▶ [EXERCISE REQUIREMENTS]:
Pull out every line below containing the word "video".

▶ [INFORMATION PROVIDED]:
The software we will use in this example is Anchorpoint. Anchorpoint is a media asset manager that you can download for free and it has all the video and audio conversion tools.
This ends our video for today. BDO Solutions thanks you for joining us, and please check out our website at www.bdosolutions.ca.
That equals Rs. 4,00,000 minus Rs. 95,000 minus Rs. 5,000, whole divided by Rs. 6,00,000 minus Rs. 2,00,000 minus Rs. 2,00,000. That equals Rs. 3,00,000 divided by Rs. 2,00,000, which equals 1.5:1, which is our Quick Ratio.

▶ [SOLUTION TO THE EXERCISE]:
The software we will use in this example is Anchorpoint. Anchorpoint is a media asset manager that you can download for free and it has all the video and audio conversion tools.
This ends our video for today. BDO Solutions thanks you for joining us, and please check out our website at www.bdosolutions.ca.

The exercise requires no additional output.